Problem requirements:
Begin at the line containing "Damskie Skórzane Mokasyny D&A TW210 Białe" and restate it and each line after it exactly, up to and including the last line below. Leave pictures out.

Information shown:
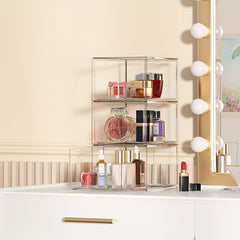 Clear Makeup Organizer Stackable Cosmetic Display Case Under Cabinet Organizers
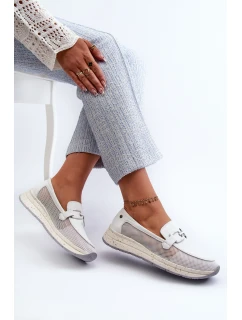 Damskie Skórzane Mokasyny D&A TW210 Białe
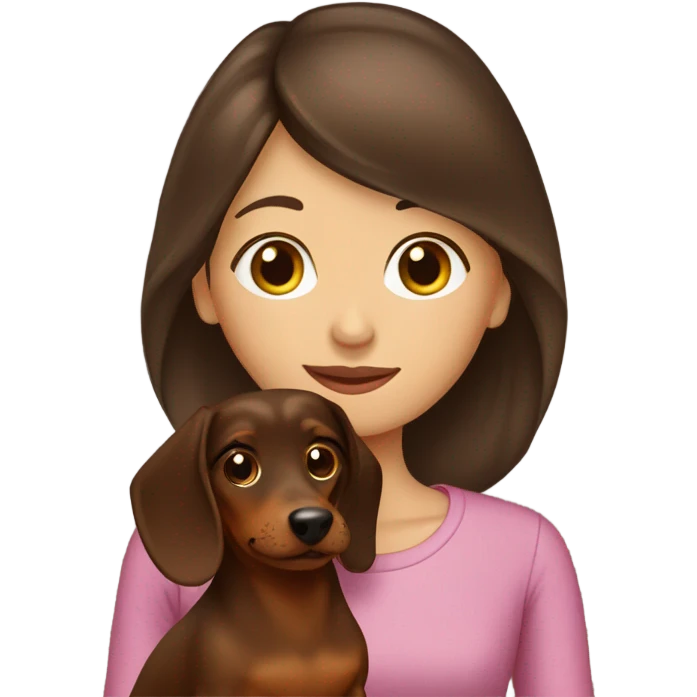Brunette girl kissing brown dachshund emoji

Solution for this exercise:
 Damskie Skórzane Mokasyny D&A TW210 Białe
Brunette girl kissing brown dachshund emoji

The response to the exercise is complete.